8 years ago, on a perfect spring day, I married Brandon… my high school sweet heart, my best friend, the love of my life. Barely finished our bachelor degrees and not quite certain of what would come next – we pledged our love for one another in front of family and friends and vowed to support and stand by one another through all the experiences and moments that life would bring us. At 22, we were essentially still kids. Sure of our committment and our desire to be together, yes, but with much learning and growing to come. With no clue what “all the experiences and moments” would look like… Over the last eight years – we have lived a full life together. We’ve made good decisions and bad decisions (and neutral decisions)… we’ve laughed and played together… we’ve fought and (I’ve) cried together… we’ve grown as individuals and discovered new passions and interests… learned more about who we are and who we want to be… we’ve dreamed together and been so busy we didn’t know how or when to fit in some one-on-one time… we’ve learned (and continue to learn) to be parents… and home-owners… and renovators…

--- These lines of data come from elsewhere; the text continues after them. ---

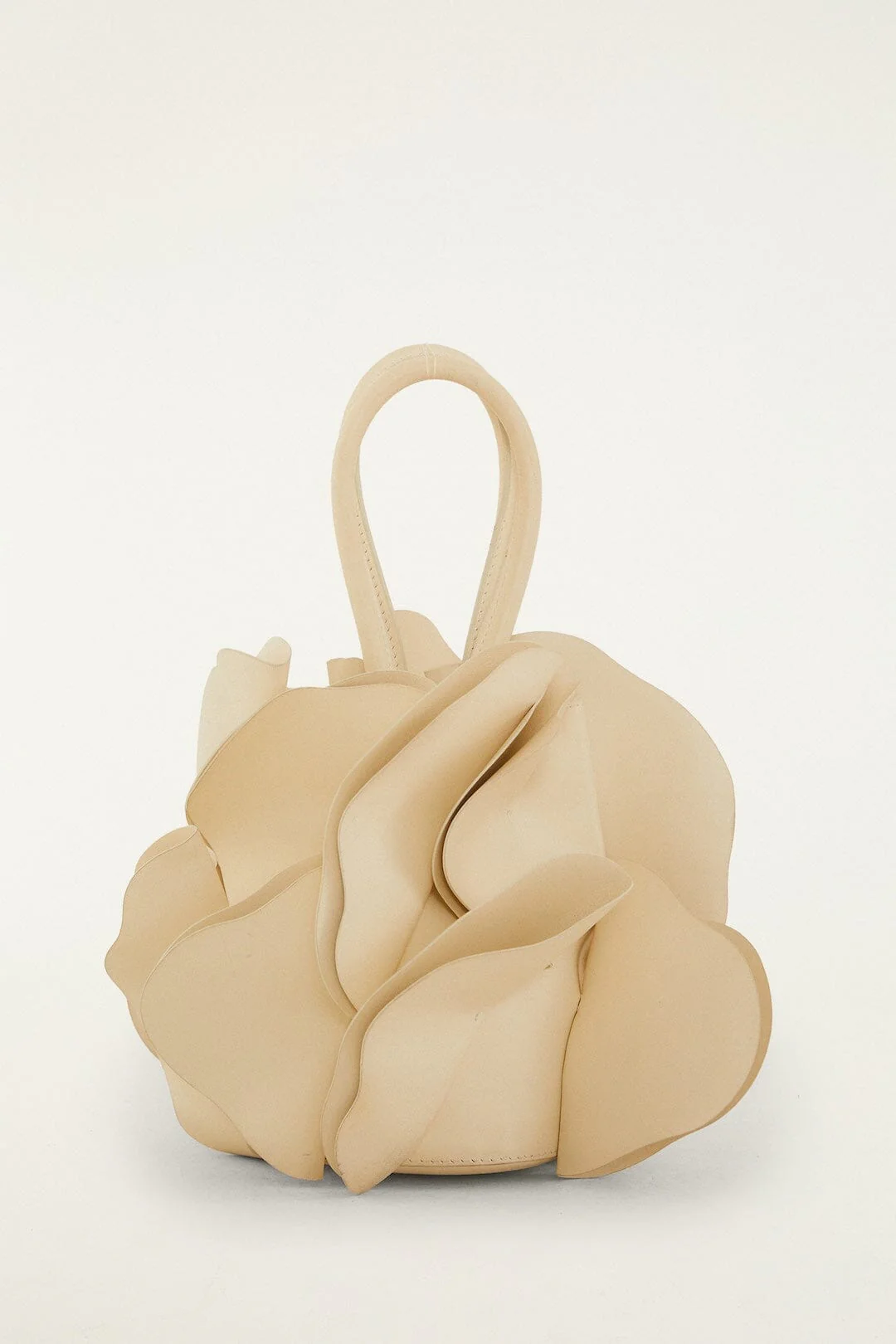 Beige Leather Flower Bag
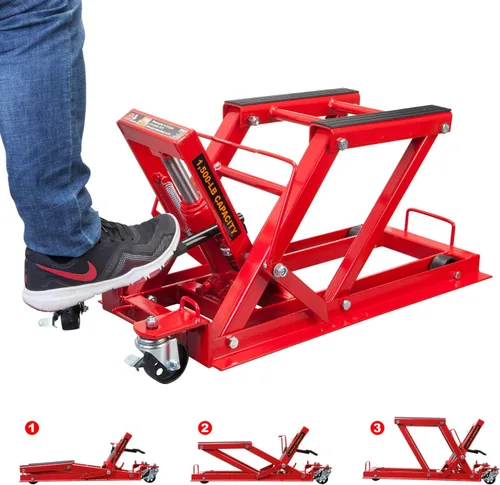 Miniatura 4 de BIG RED Gato Hidráulico de 1.500 lbs para Motocicleta, Mesa de Elevación para Deportes de Potencia Operada por Tijera para Moto, ATV, Bicicleta
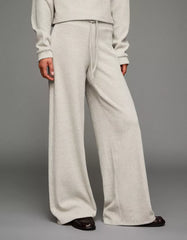 Soft ribbed wide-leg pants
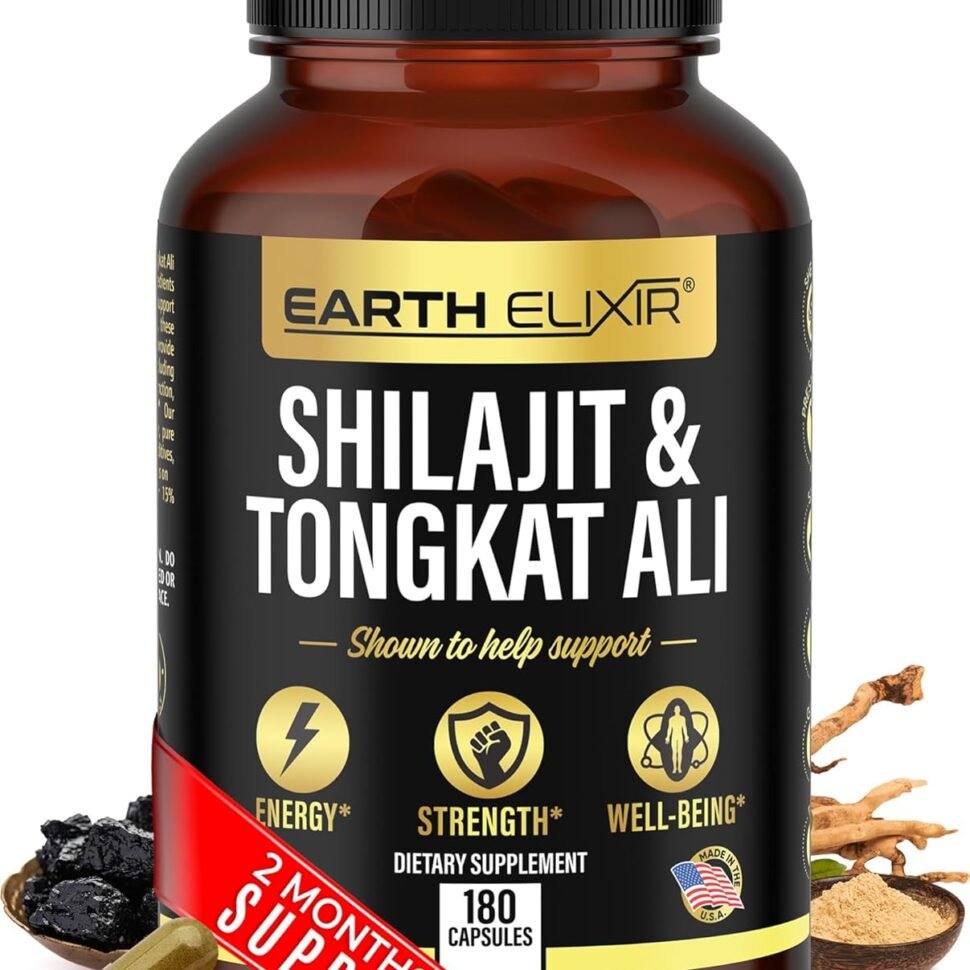 Shilajit 1000 mg e Tongkat Ali 400 mg (180 cápsulas)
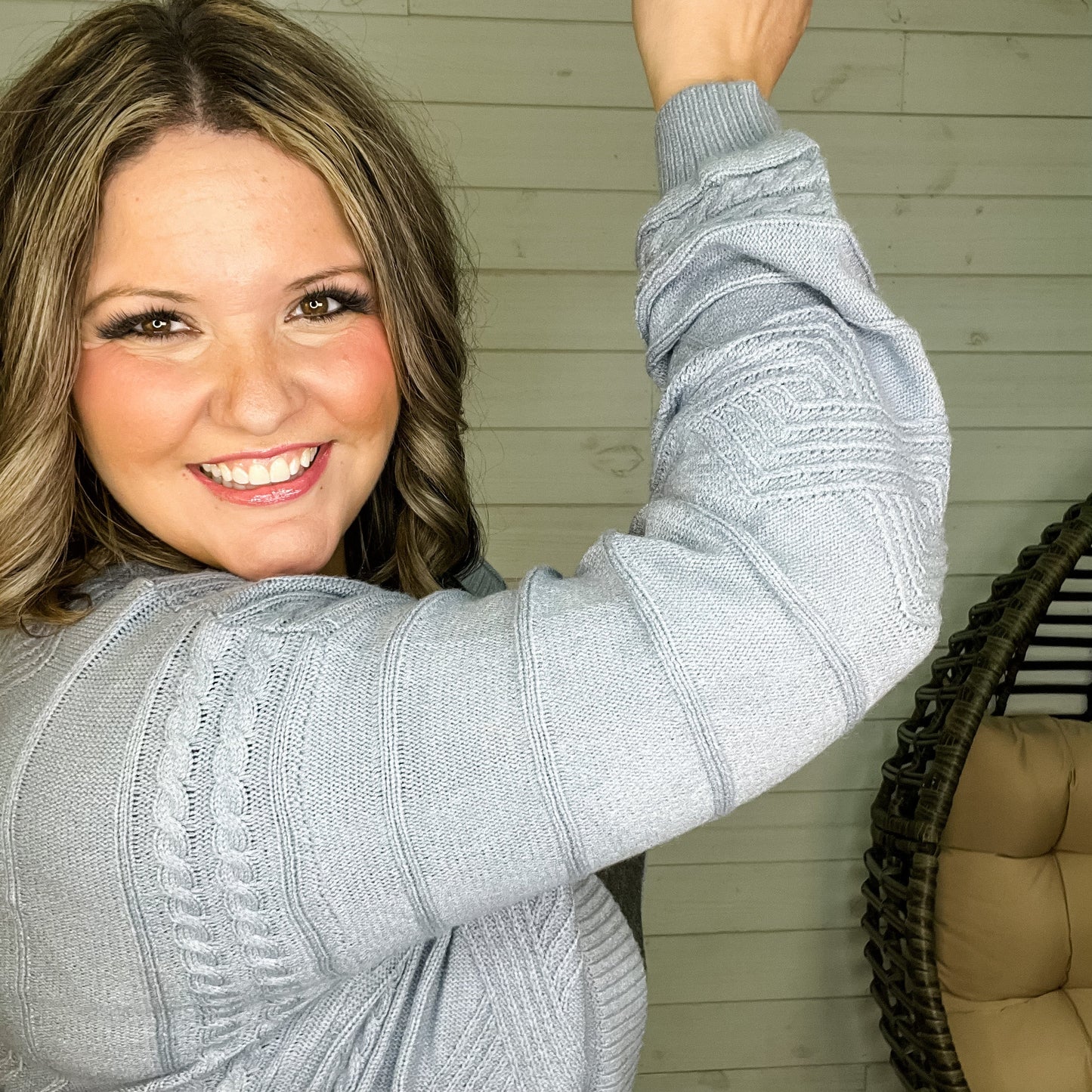 Balloon Sleeve Cardigan with Front Pockets (Dusty Blue)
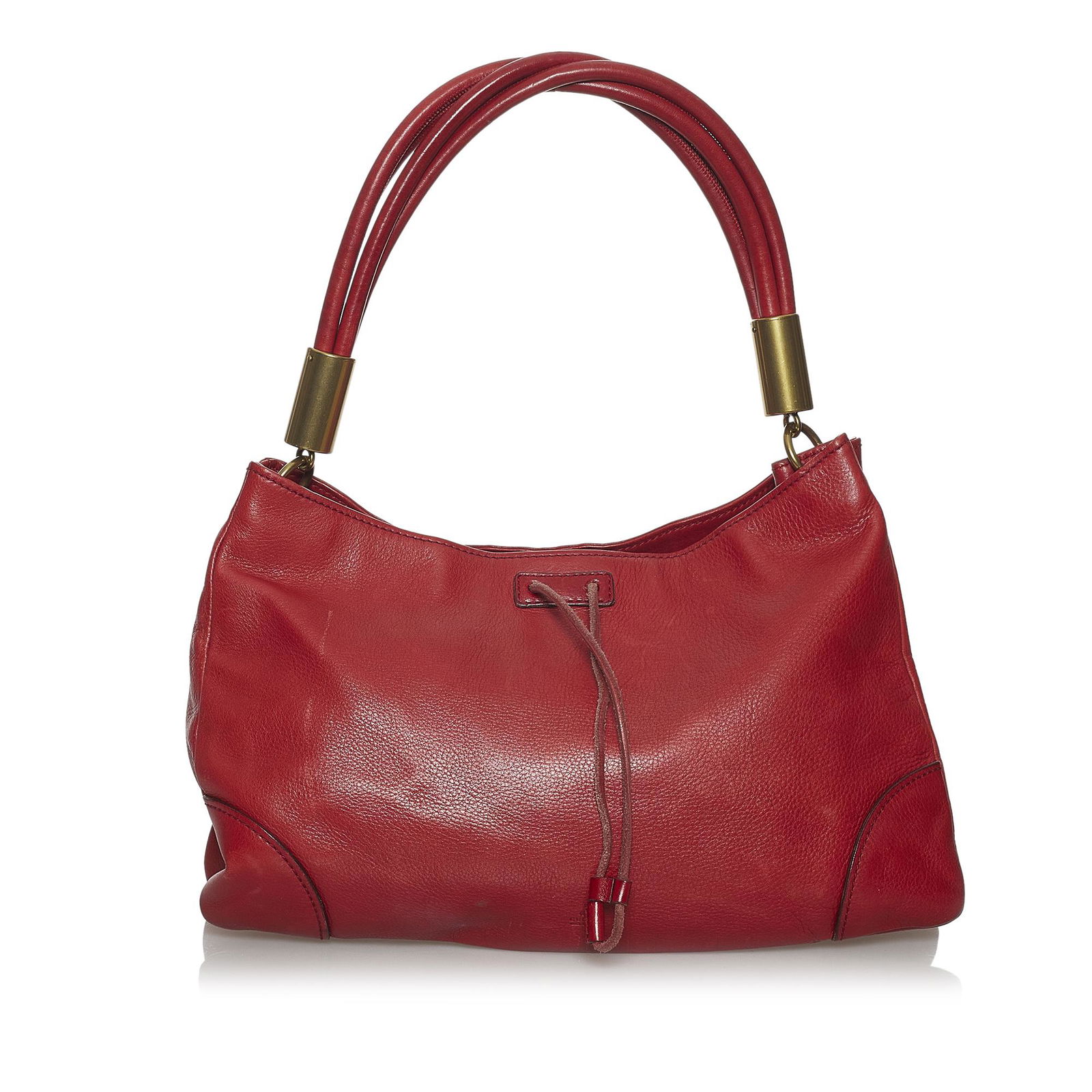 Gucci Leather Shoulder Bag: Gucci Leather Shoulder Bag This shoulder bag features a leather body a rolled leather strap an open top with a claw closure and an interior zip pocket. Brand: Gucci Model: Leather Shoulder Bag Origin:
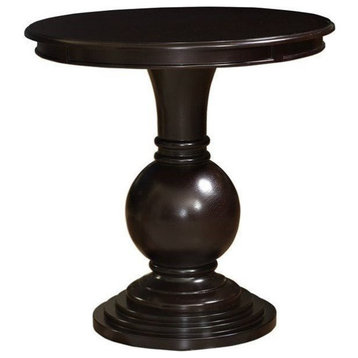 Linon Amelia Round Wood Accent Table Pedestal Base 26.5" High in Espresso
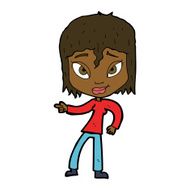 cartoon relaxed woman pointing N7
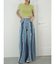 フリンジデザインボリュームワイドデニムパンツ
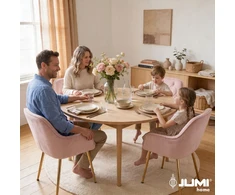 LARGO minkšta kėdė SVETAINEI, aksominė WELUR, rožinė JUMIhome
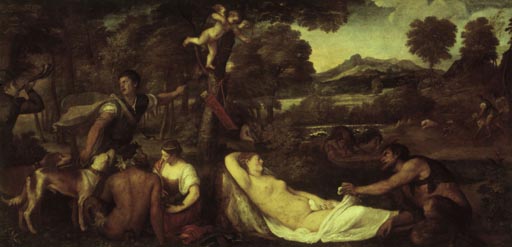Jupiter und Antiope von Tizian (Tiziano Vercellio/ Titian)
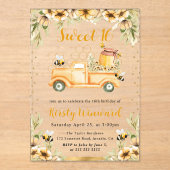 水彩夏ビートラック&ひまわり甘い16 アクリル招待状 (正面)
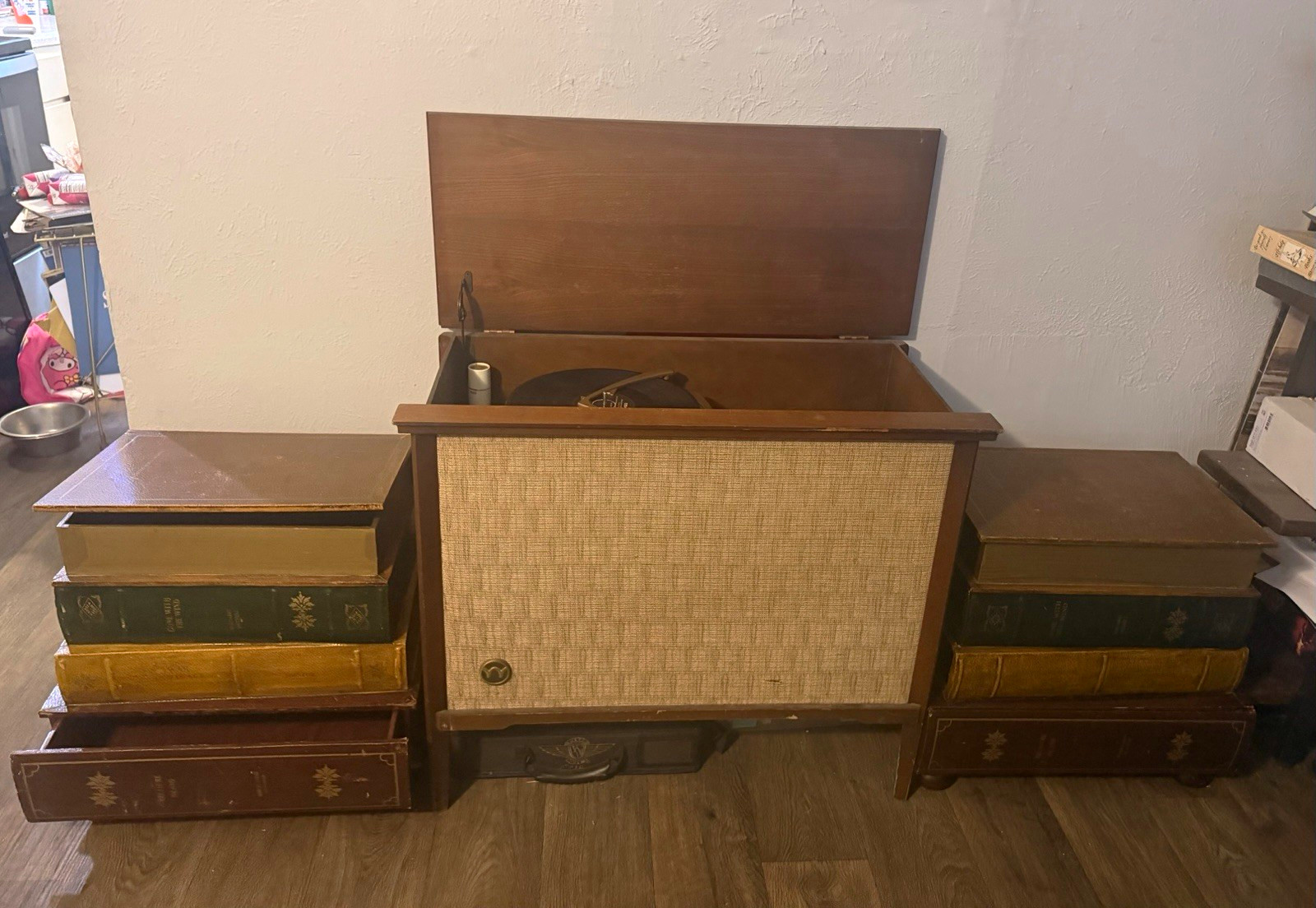 Vintage Faux Stacked Book Tables Hidden Storage Drawers Nightstands Pair Vintage Faux Stacked Book Tables Hidden Storage Drawers Nightstands Pair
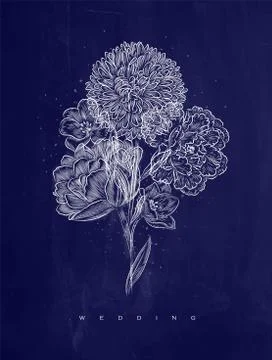 Poster wedding flower Illustrazione stock
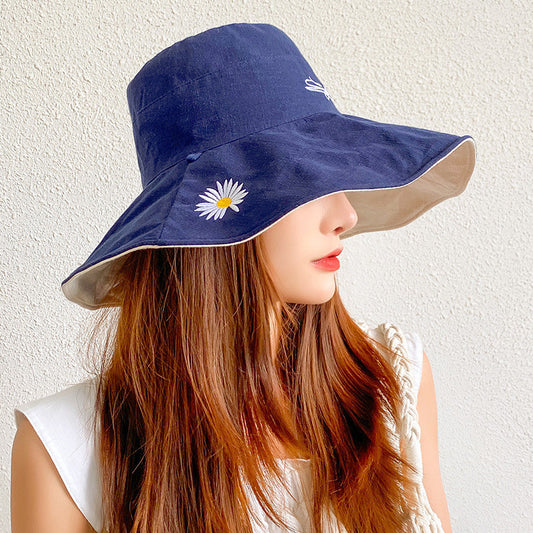 Double-sided Small Daisy Big Brim Washbasin Hat Outdoor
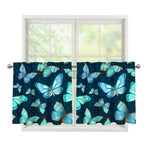 Watercolor Blue Butterfly Pattern Print Tier Curtains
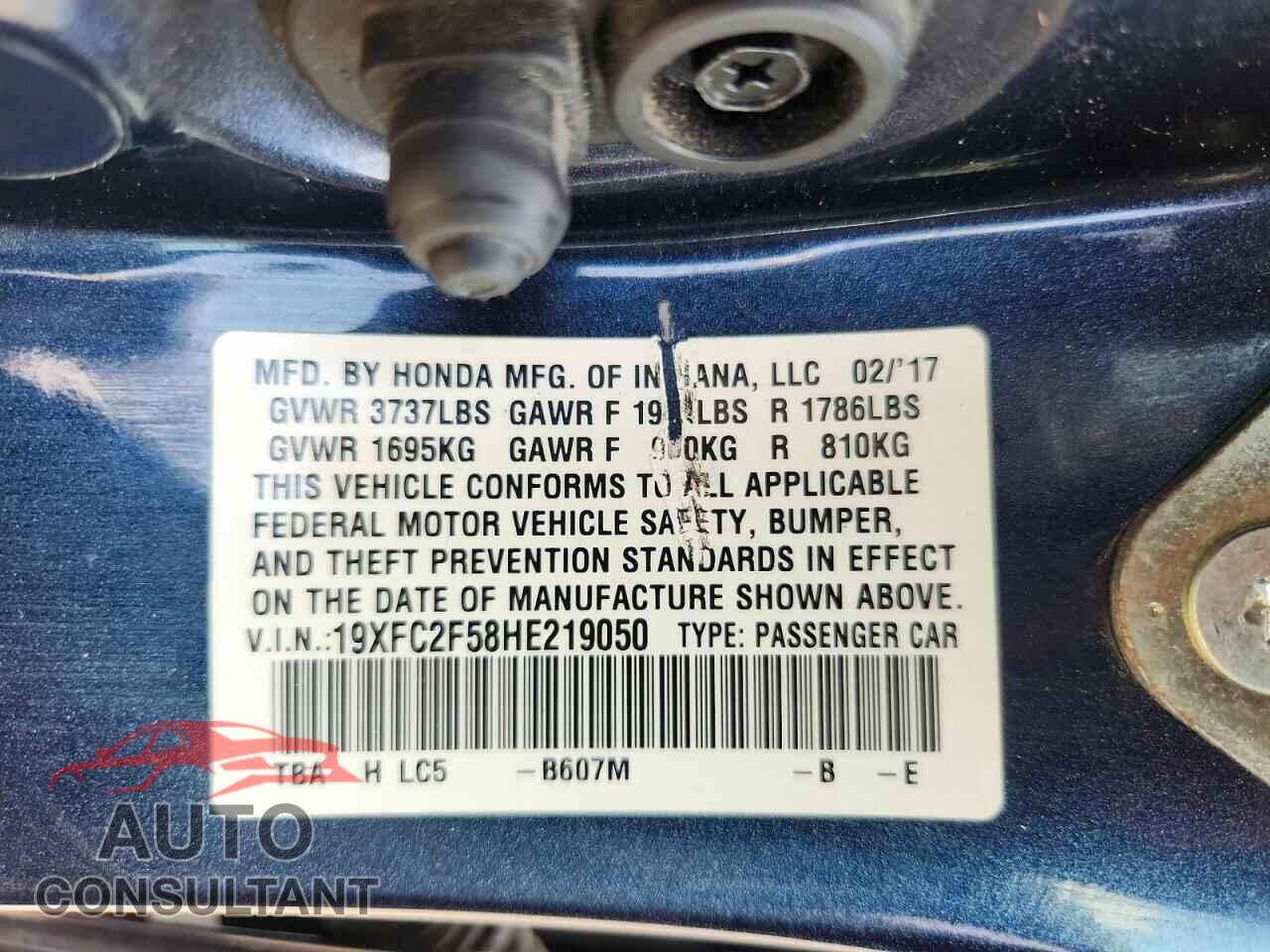 HONDA CIVIC 2017 - 19XFC2F58HE219050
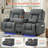 Power Reclining Sofa With Heat And Massage, Bluetooth Speakers And LED Lights, 3 Seater Dual Recliner Sofa With USB Ports And Cup Holders-1773963160
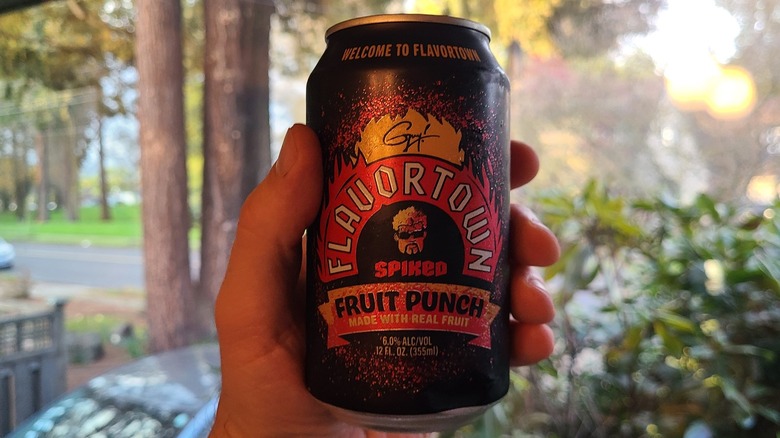 Flavortown spiked fruit punch by window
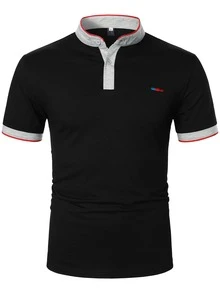 Manfinity 男士撞色滾邊POLO衫 - 黑色 - 查看 3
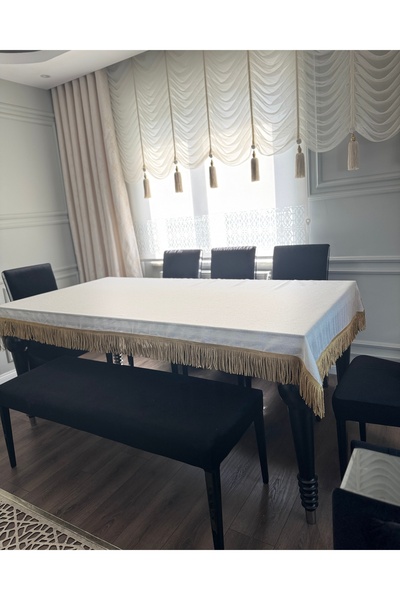 AYDINDOKUMA Ayla Glitter Ecru Design Table Cloth Dowry Service Gold Fringed Thin Tulle Cover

…and through the ups, the downs, the I’m-not-sure-what-you’d-call-them moments, we’ve been blessed to have a love and friendship that has deepened over time.  No – it’s not butterflies and roses all time. It’s not perfect. And it’s not a fairy tale. In fact, I’m not always sure why it works so well when I consider how different we are, how some of the things that I want are nowhere near what he wants… but I am sure of us. I am sure that this is real. That we are real.  That out love is real.

And besides… we’re now officially past the 7 year itch so it can only get better from here on in 🙂

Happy Anniversary my love… you’re still my favorite person.

Advertisements

2 thoughts on “Safely past the 7-year itch…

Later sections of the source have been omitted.